___ Source material ___
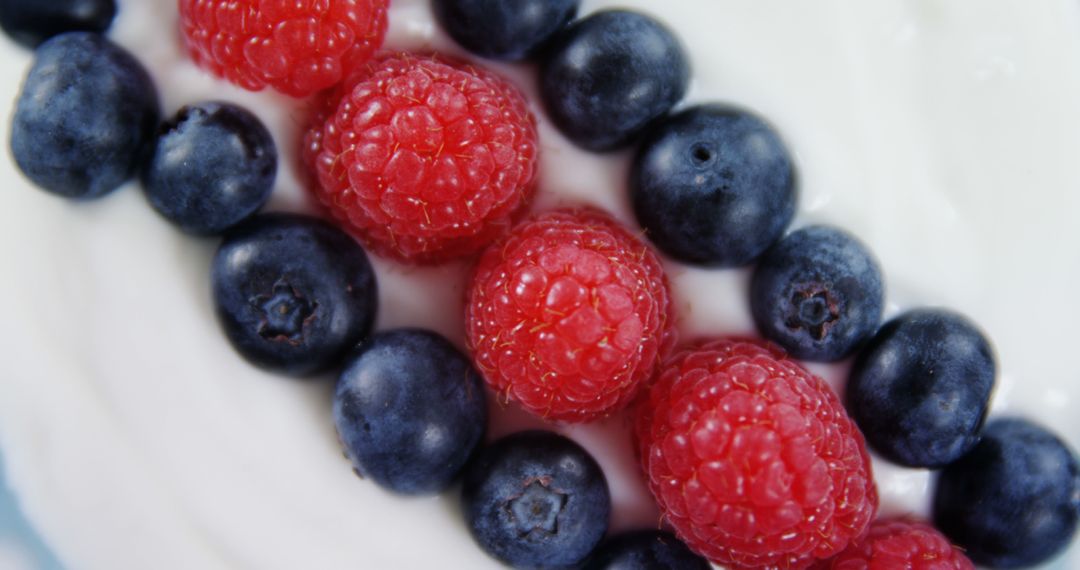 Fresh Blueberries and Raspberries on White Yogurt - Free Images, Stock Photos and Pictures on Pikwizard.com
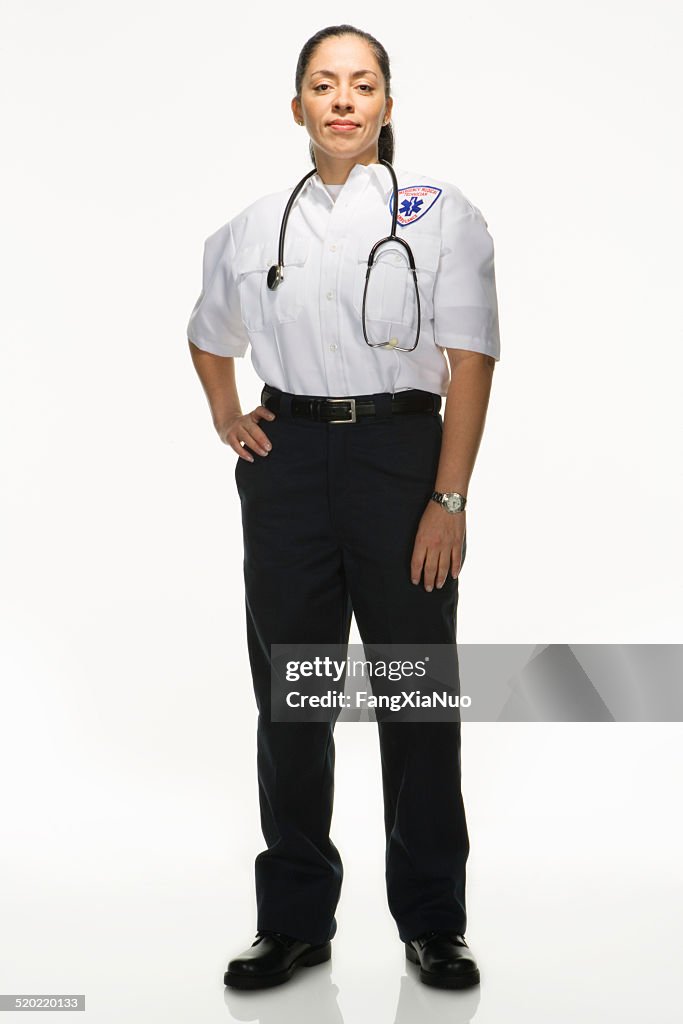 Female Paramedic on white background, portrait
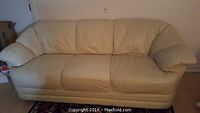 Front view of the cream leather sofa showing overall condition.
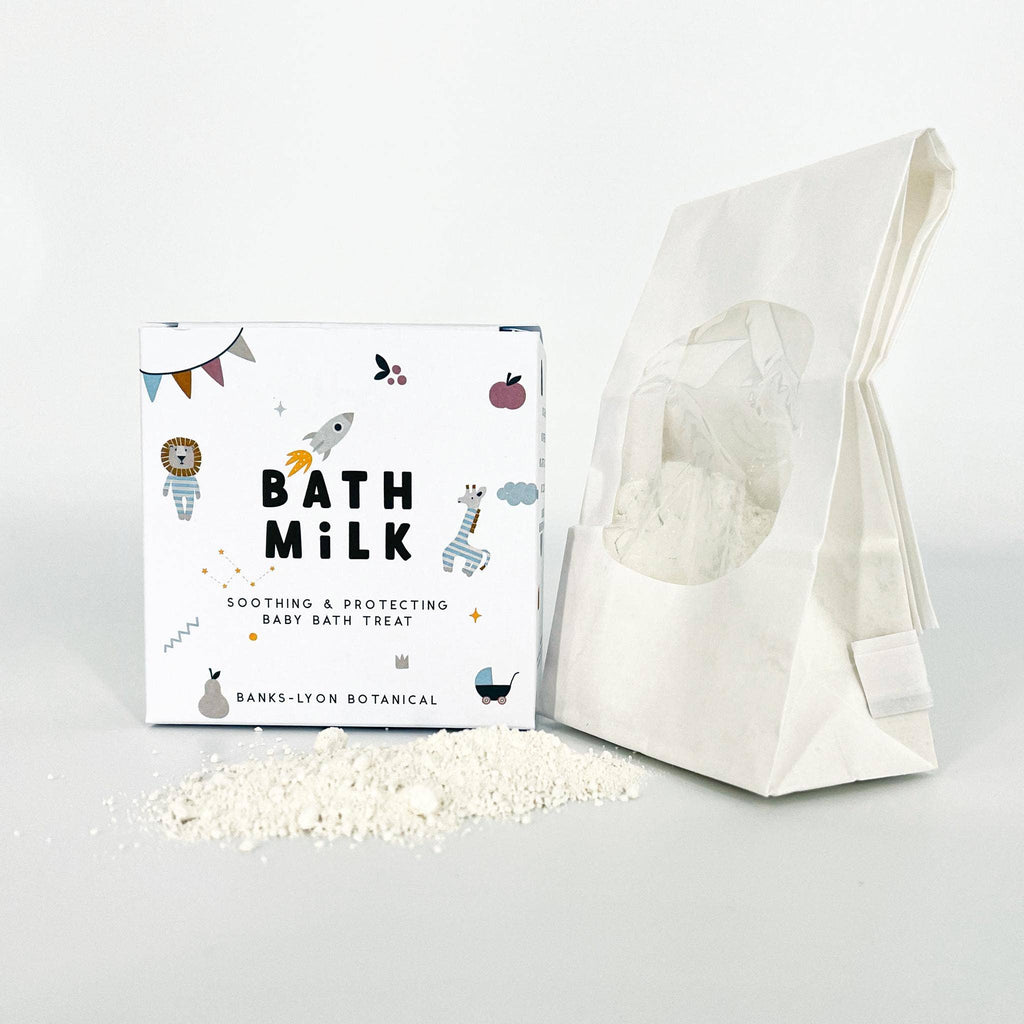 Bath milk packaging with a white bag and visible bath milk crystals on a light gray background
___
### Task brief
Give the complete material again, exactly as written. Do not include the pictures.

### The completed task
 Fresh Blueberries and Raspberries on White Yogurt - Free Images, Stock Photos and Pictures on Pikwizard.com
 Female Paramedic on white background, portrait
 Front view of the cream leather sofa showing overall condition.
 Bath milk packaging with a white bag and visible bath milk crystals on a light gray background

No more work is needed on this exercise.